I have the keys to their enclosures. The raptors. I open them, one at a time, and do service for owls and hawks and eagles and falcons. I rake and clean and water while they, wild talon shod birds, study my every move. As I work, I can’t help but ask: how do you talk to Owls?
One morning the dog runs ahead of us, head in the air. He’s a big mastiff boxer mix, so I’m unprepared for his birding abilities. There’s an owl in the tree above our heads as we catch up to him. He’s got his neck craned staring at it the way my pointer used to, though his forward leg isn’t up and I’m pretty sure he’ll get bored before long and move on. Meanwhile, R. and I are staring up and enjoying how the owl stares back. He really isn’t staring at us. He checks us out, then looks in other directions, swiveling his head like a well oiled ball bearing. Or a yogi master. Anyway, he’s beautiful. And wild. And then he moves suddenly, without warning, he is in the air and soars away on wide wings. Slight angles through the trees ahead of us, drops under around through and beyond. Gone.
He’s probably the one we hear from the bedroom window at night, when we wake to pee, lying in bed listening afterward not wanting to sleep. Wanting to soar out into the night, and sit, hooting with him. There’s something about the life of a wild animal that feels so right when they’re out there doing life, doing what they’re supposed to do. Although the VINS birds can’t be released for legitimate reasons, they’re caged and that changes them. I don’t feel sad about it the way animals in a zoo or circus depress me, but I do feel that their lives have been compromised. This compromise actually makes them special, like ambassadors.
So I’m sweeping the floor in the staff area. The place they chop rabbits and chickens and mice to prepare food for the birds. Chasing feathers around thinking my expertise does not include such a momentous task. The feathers flip into the air, resettle in whirlwinds, chase the broom and run away from it, laugh at my attempts to gather them. I’m laughing at myself as I sweep. Herculean tasks, or the ones that are never meant to be completed, like Sisyphus.
The back door opens and a handler comes in saying “bird”. It’s my signal to get out of the way. Just in case, cause you never know when big spread wings are going to slap your face off. I step out of the hall into a dead end alley that leads to a few other cages. The handler smiles and nods down the alley and says, that’s where I’m going. So I move again.
The barred owl eyes me as they pass, leaning out of his perch on her arm to keep eye contact as they move. He peers over her shoulder straight into my gaze as they head down the alley. As she puts him on the scale to be weighed, he moves sidewise to look over her shoulder to stare at me. She shifts sidewise to the left, he shifts to the right, keeping his eyes on mine. She moves to the right, he shifts left. Then, when the weighing dance is done, she gets him back on her arm, and he doesn’t break the contact. The broom is settled under my armpit and I’m leaning into the wall not moving. Me and the bird, we’re talking. Or at least, something is happening. Not until they go past me again and out the door do we stop this momentous communication.

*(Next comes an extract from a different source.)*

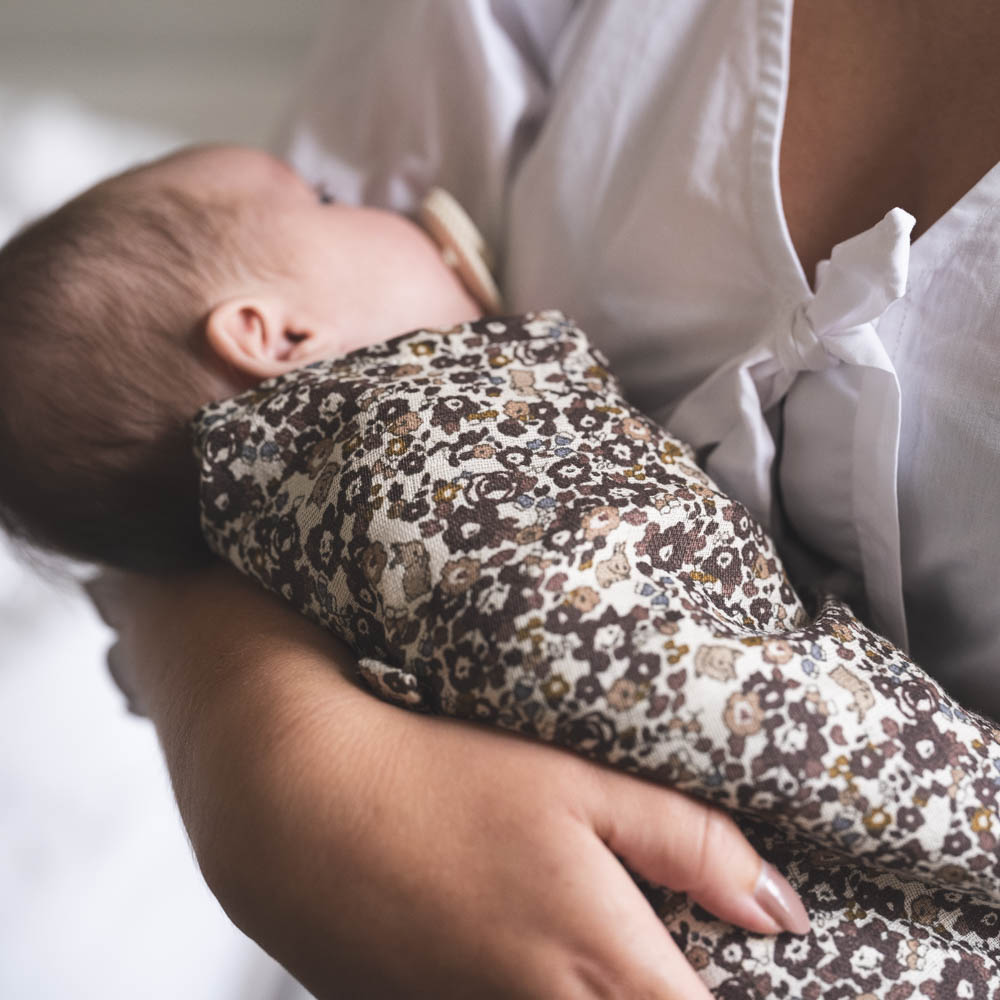 Swaddle / stór taubleyja - Flora bunnies rose taupe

This is an experience that is rare even among humans. I mean, when was the last time you spent more than five minutes gazing into someone’s eyes?
I don’t know why, but this bird has tranced me. Neither of us are blinking in all that time and my mind is full of a singular wonderful image. I’m in silhouette forest, tree branches appearing in view and disappearing as I pass them. I’m rising and falling in and out of the silhouette branches, contours of trails that are made from tree tops, moon glow spaces and sky openings.
I don’t know whether I’m getting these images from the bird, who remembers, or I’m sending them to the bird who forgets, but I’m there. I’m with him. And he’s with me and we’re hunting.